Liberals are touting an analysis by the Congressional Research Service (CRS) that they say “refutes” arguments against the Obama Administration’s legal authority to waive work requirements. But the funny thing is that, as shoddy as CRS’s analysis may be, it refuses to say that the Administration’s plan is lawful.

A tiny bit of background: The 1996 welfare reform requires that all able-bodied welfare recipients participate in work activities, and it enforces this by (1) cutting benefits for those who refuse to work, and (2) requiring state welfare programs to meet minimum work participation rates for welfare recipients.

Both of these requirements are in section 407. The general requirements for state welfare programs to receive federal funding are in section 402. And then section 1115 authorizes the Secretary of Health and Human Services to waive requirements in section 402.

In July, the Obama Administration claimed, for the first time ever, that it could waive the work requirements, despite the fact that they’re not in section 402 and there’s no indication that Congress intended for them to be waived in any instance.

So is the Administration right?
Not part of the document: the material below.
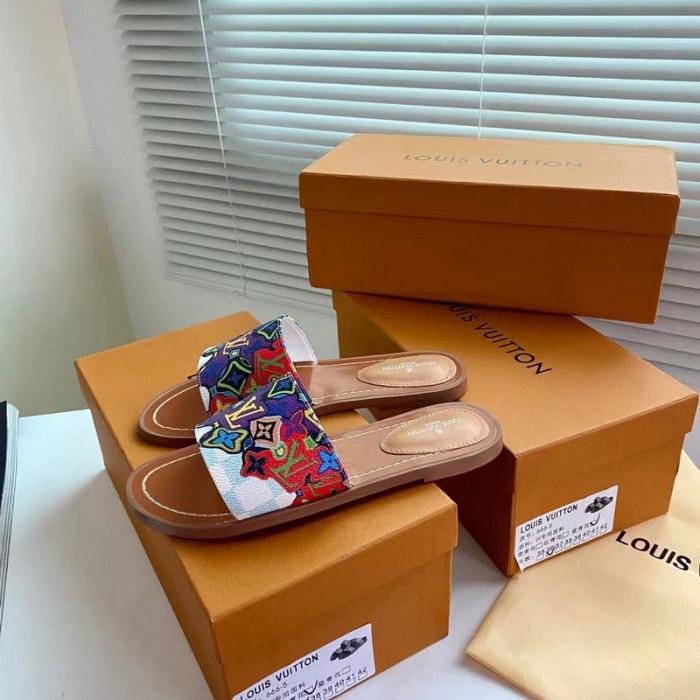 Lou1su1tt slides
CRS’s conclusion is…who knows?

Here’s the key bit of analysis: “If a court determines that the requirements of Section 402(a)(1) are not merely waivable reporting requirements, then a court is likely to find the Secretary’s interpretation that she may waive provisions of Section 402, in so far as they incorporate requirements in Section 407.”
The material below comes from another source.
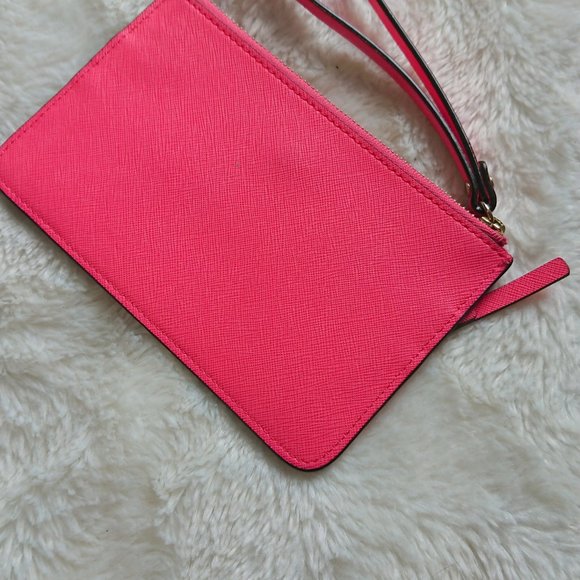 Kate Spade, hot pink wristlet, very good condition - Picture 2 of 4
And if I had ham, I could have a ham sandwich, if I had bread.

To reach this non-conclusion, CRS bungles more than a few points along the way:

  • It relies on obsolete cases concerning the Secretary’s much broader waiver authority over the pre-1996 statute. The other cases it cites concern other programs with statutory language and structure that resemble the old welfare program.
  • It ignores the structure of the 1996 act, which separates waivable and non-waivable provisions into separate provisions based on how much authority Congress intended to give the Secretary and the states.
  • It ignores the precise language of the 1996 act. The work requirements, unlike other provisions, are stated in mandatory terms. Section 402 does not even mention the minimum work participation requirement.
  • It gives enormous weight to prior waivers that were never tested in court without answering how the 1996 act limited the Secretary’s waiver authority.
  • Though it correctly interprets a separate section as precluding the waiver of requirements for the transition year after the 1996 act was enacted, it never questions why Congress would have gone to such pains to make the work requirements absolutely mandatory for just one year and then allowed them to be waived forever after. That wouldn’t make any sense—which is strong evidence that it is not what Congress actually did.
  • It states, incorrectly, that a court would basically defer to the Administration’s interpretation of the statute to answer the question of the Secretary’s waiver authority (a.k.a. “arbitrary and capricious” review). In reality, a court would probably decide that question on its own by looking at the statutory text and structure.

All of these errors are to the Administration’s advantage—but even that wasn’t enough for CRS to actually conclude that waiving welfare’s work requirements is legal.

The problem is that it isn’t legal, and nothing in the CRS report rebuts a single point made in our detailed analysis of the statute. That’s because CRS simply ignores the statute.

If this is the best that work opponents can do, then they haven’t got much. Not even a ham sandwich.